• [AIM OF THE EXERCISE]: Leaving out the pictures, reproduce each record exactly and in full.

Web page caption snippets:

━━━━

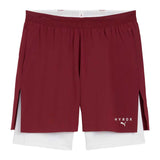 Short Deportivo Puma 2in1 Training Edición Hyrox Guindo Hombre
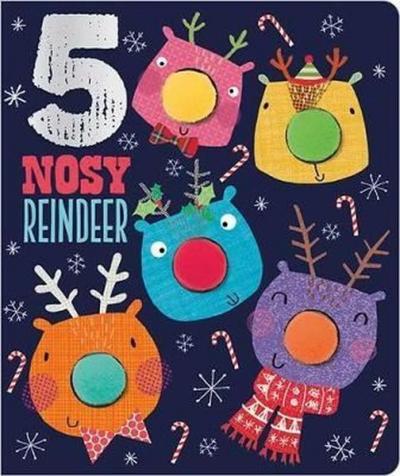 Five Nosy Reindeer Christie Hainsby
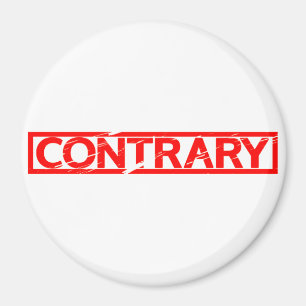 Aimant Timbre contraire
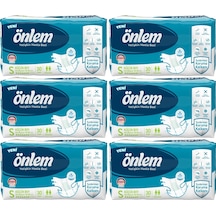 Önlem Hasta Bezi Bel Bantlı Tekstil Yüzey Small Küçük 180 Adet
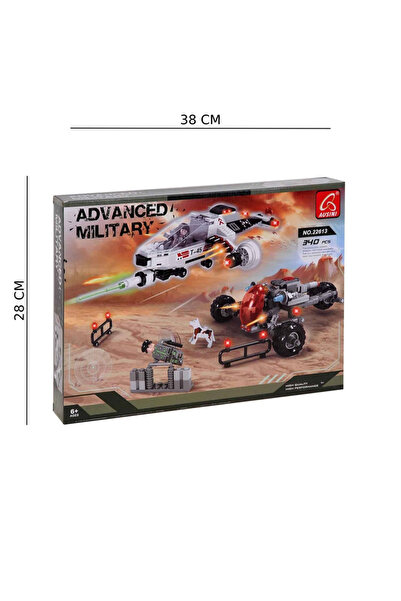 KESKİN SOUND Military Set 340 Piece Block Set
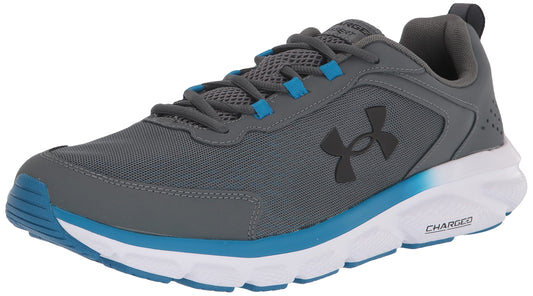 Under Armour Men's Charged Assert 9DISC, Pitch Gray/Black, 11 Medium US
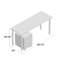 Table de bureau Kee-1189328135-1189328178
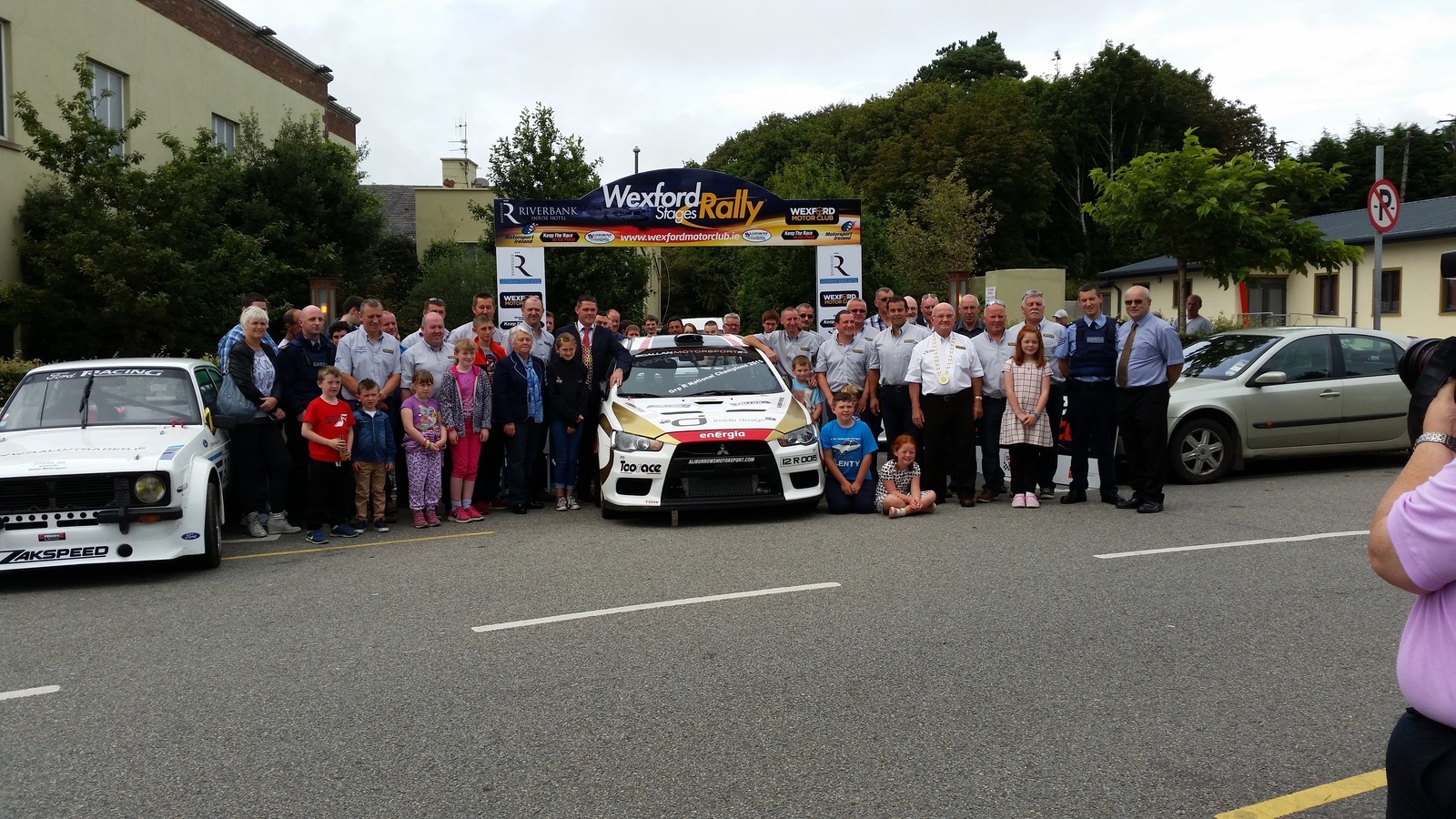 Wexford Stages Rally 2015 Seeding List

━━━━

• [RESULT OF THIS TASK]:
 Short Deportivo Puma 2in1 Training Edición Hyrox Guindo Hombre
 Five Nosy Reindeer Christie Hainsby
 Aimant Timbre contraire
 Önlem Hasta Bezi Bel Bantlı Tekstil Yüzey Small Küçük 180 Adet
 KESKİN SOUND Military Set 340 Piece Block Set
 Under Armour Men's Charged Assert 9DISC, Pitch Gray/Black, 11 Medium US
 Table de bureau Kee-1189328135-1189328178
 Wexford Stages Rally 2015 Seeding List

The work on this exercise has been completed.